▶ About this exercise:
Pictures stay out of the copy. Retype exactly the lines below from the one with "Give A Little Love (arr. Alan Billingsley)" through the one with "Boxspringbett mit Matratze".

▶ Information:
···

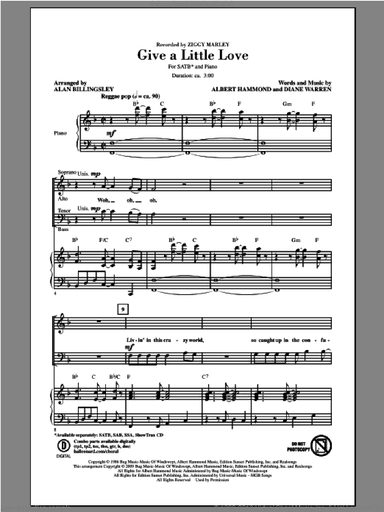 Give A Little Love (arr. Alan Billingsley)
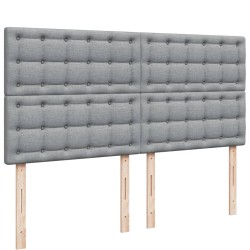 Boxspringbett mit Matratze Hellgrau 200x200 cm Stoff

···

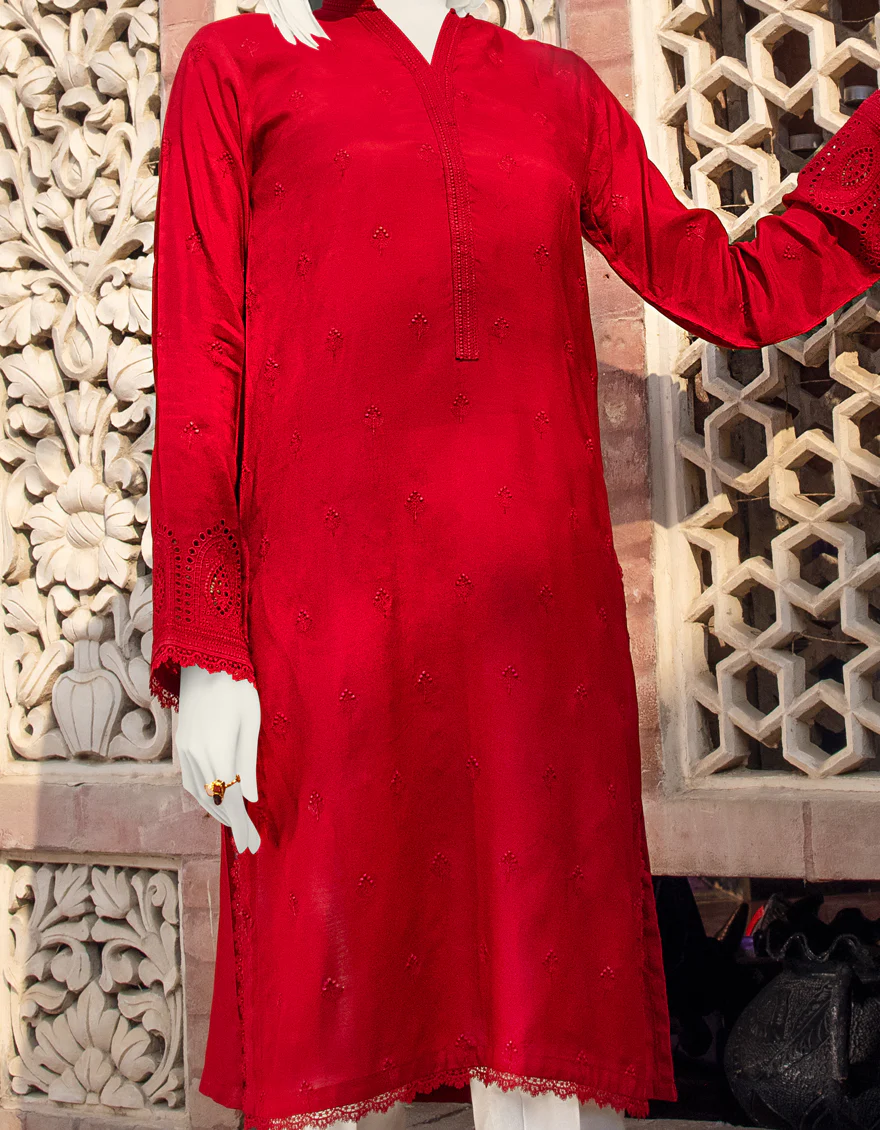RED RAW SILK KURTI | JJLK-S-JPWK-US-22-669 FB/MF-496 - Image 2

···

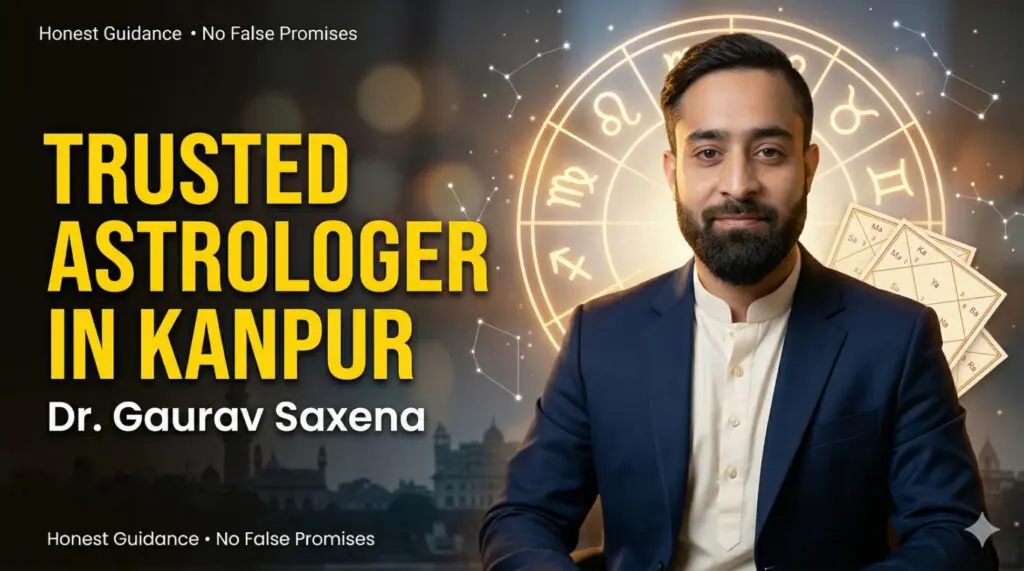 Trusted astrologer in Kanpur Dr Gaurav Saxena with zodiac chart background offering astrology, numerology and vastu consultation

···

▶ Answer for this exercise:
 Give A Little Love (arr. Alan Billingsley)
 Boxspringbett mit Matratze Hellgrau 200x200 cm Stoff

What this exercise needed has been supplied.